──────── Records provided
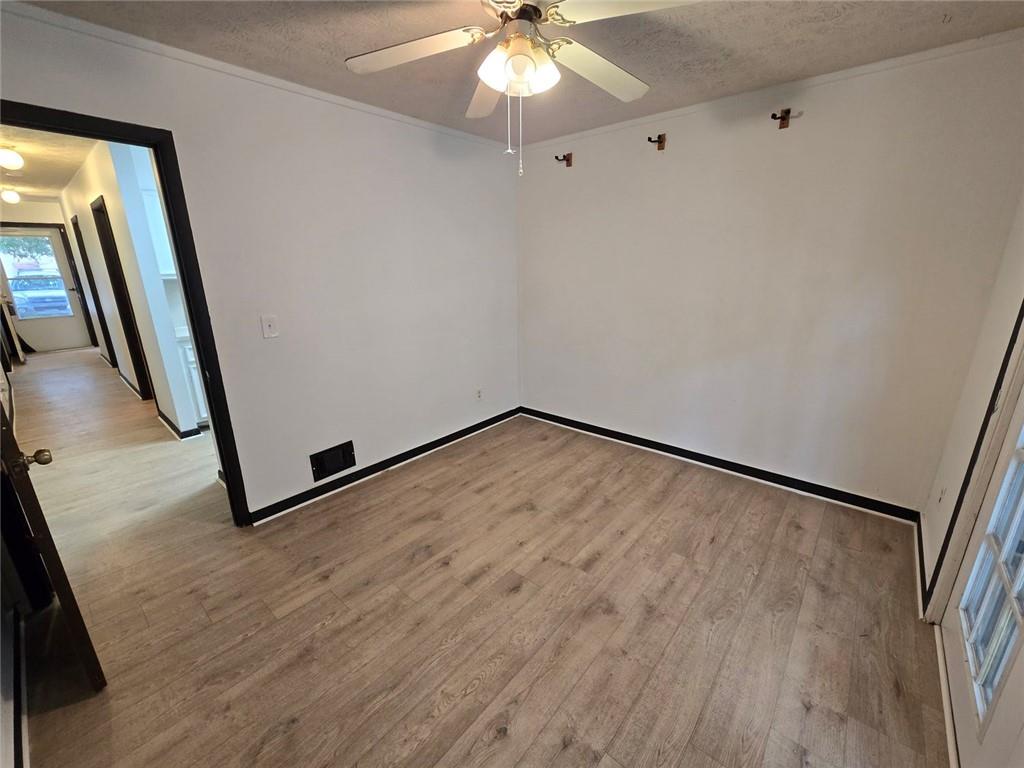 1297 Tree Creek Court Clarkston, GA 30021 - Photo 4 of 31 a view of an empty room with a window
────────────────
──────── Records provided
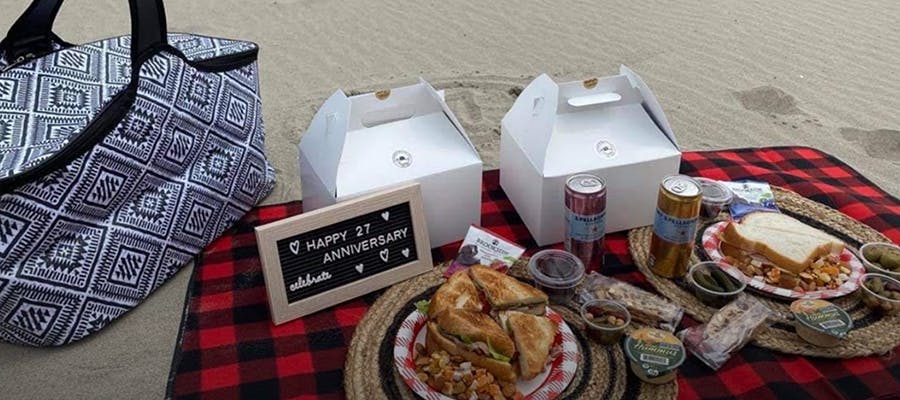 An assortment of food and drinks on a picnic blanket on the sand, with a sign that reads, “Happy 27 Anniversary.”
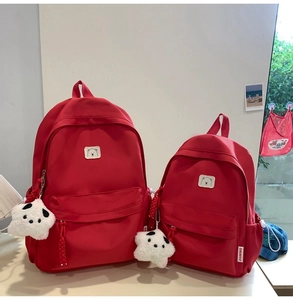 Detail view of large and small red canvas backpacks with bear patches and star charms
────────────────
──────── Records provided
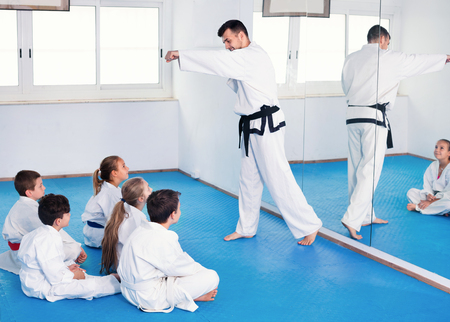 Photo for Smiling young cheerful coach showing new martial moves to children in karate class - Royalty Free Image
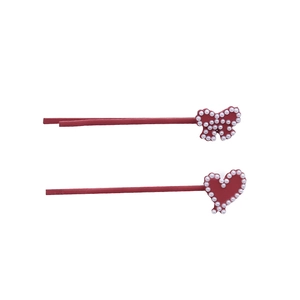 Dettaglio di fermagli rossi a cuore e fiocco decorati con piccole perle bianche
────────────────
## Exercise
Your reply is to be an exact repeat of the listing above from the line holding "Photo for Smiling" down to the line holding "Dettaglio di fermagli", ends included, pictures excluded.

## Solution to the exercise
 Photo for Smiling young cheerful coach showing new martial moves to children in karate class - Royalty Free Image
 Dettaglio di fermagli rossi a cuore e fiocco decorati con piccole perle bianche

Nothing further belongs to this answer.